At this point I’m wondering if this is in fact a CAN problem. Is the overhead of two additional sensors and the 31865 port causing MCU overload? How do I debug this? My klippy.log is attached. Here’s the latest stats for the can0 interface (error-warn 5 and error-pass 5 were both 0 a few hours ago):

❯ ip -details -statistics link show can0
3: can0: <NOARP,UP,LOWER_UP,ECHO> mtu 16 qdisc pfifo_fast state UP mode DEFAULT group default qlen 1024
    link/can  promiscuity 0 minmtu 0 maxmtu 0
    can state ERROR-ACTIVE restart-ms 0
	  bitrate 1000000 sample-point 0.750
	  tq 62 prop-seg 5 phase-seg1 6 phase-seg2 4 sjw 1
	  gs_usb: tseg1 1..16 tseg2 1..8 sjw 1..4 brp 1..1024 brp-inc 1
	  termination 0 [ 0, 120 ]
	  clock 64000000
	  re-started bus-errors arbit-lost error-warn error-pass bus-off
	  0          0          0          5          5          0         numtxqueues 1 numrxqueues 1 gso_max_size 65536 gso_max_segs 65535
    RX: bytes  packets  errors  dropped missed  mcast
    4159030    635372   0       0       0       0
    TX: bytes  packets  errors  dropped carrier collsns
    3673786    548706   0       0       0       0

klippy.log.zip (3.8 MB)

Welcome jackerhack, interesting problem.

There was a Log rollover in the beginning of your attached klippy.log (line 4179). Could you please upload the klippy.log from before?

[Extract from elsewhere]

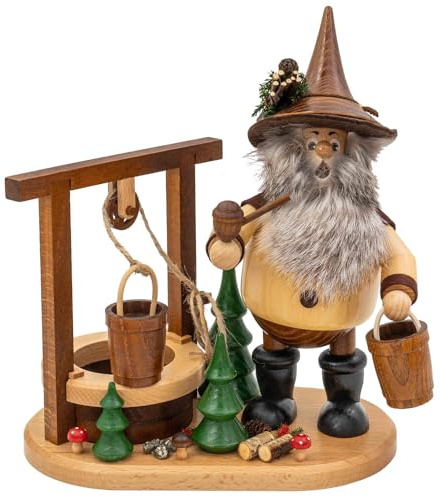 Drechselwerkstatt Uhlig DWU | Räuchermännchen Räuchermann aus dem Erzgebirge | Weihnachten Weihnachtsdeko Handwerkskunst | Erzwichtel 26 cm | am Brunnen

I have successfully resolved the problem by frying my toolhead board. Now I no longer have a CAN toolhead and therefore no CAN problems.

(I was attempting to pull out the endstop sensor to see if that fixed whatever was happening to the probe’s readings. I got impatient and didn’t think powering down was necessary for a hot unplug.)

Here are the logs, FWIW. I’m moving to an SB2209 USB.

klippy-logs.zip (7.4 MB)

I’m an idiot. After migrating to an SB2209 USB board and having the same problem again, I went after all suspects and found it in the place I should have looked first, in the pin config. See for yourself:

[probe]
# Printed Voron tap:
# pin: ^toolhead:PROBE_INPUT
# Chaotic Lab CNC Voron Tap requires pull down (~) instead of pull up (^):
#pin: ~!toolhead:PROBE_INPUT

# 2025-02-05: Z endstop kept failing across two boards (SB2209 RP2040 CAN and SB2209 USB),
# so I measured resistance between GPIO and ground when open and found it varying with time
# (185 ohms, 160 ohms, 165 ohms). It's consistently 2.7-3 ohms when triggered.
# I've disabled pull-down on the assumption that it is making the reading unreliable.
# I don't understand what pull-up and pull-down actually do. Do they ask the board to supply
# voltage (hardware), or do they just apply a multiplier to the reading (software)?
pin: !toolhead:PROBE_INPUT

Why did the pull-down config work for several weeks, until it didn’t? What do these pull-up and pull-down flags actually do? Change a multiplier in firmware, or cause an actual change to the current flow in hardware? If that’s not supported in hardware, does Klipper know and compensate, or is that up to the user to discover?

At least I have a working printer again. :slightly_smiling_face:

1 Like

Klipper has no knowledge of whether a pull-up or pull-down definition is required. This depends on the hardware layout of the board and the type of device attached to a specific pin.

A typical pin on a MCU can have an internal pull-up that needs to be activated via the Klipper configuration (if needed) or it could have external pull-ups that are included on the board and thus do not require Klipper configuration.

For a more in-depth explanation, see, for example, Pull-up Resistors - SparkFun Learn or any other readily available source on the web.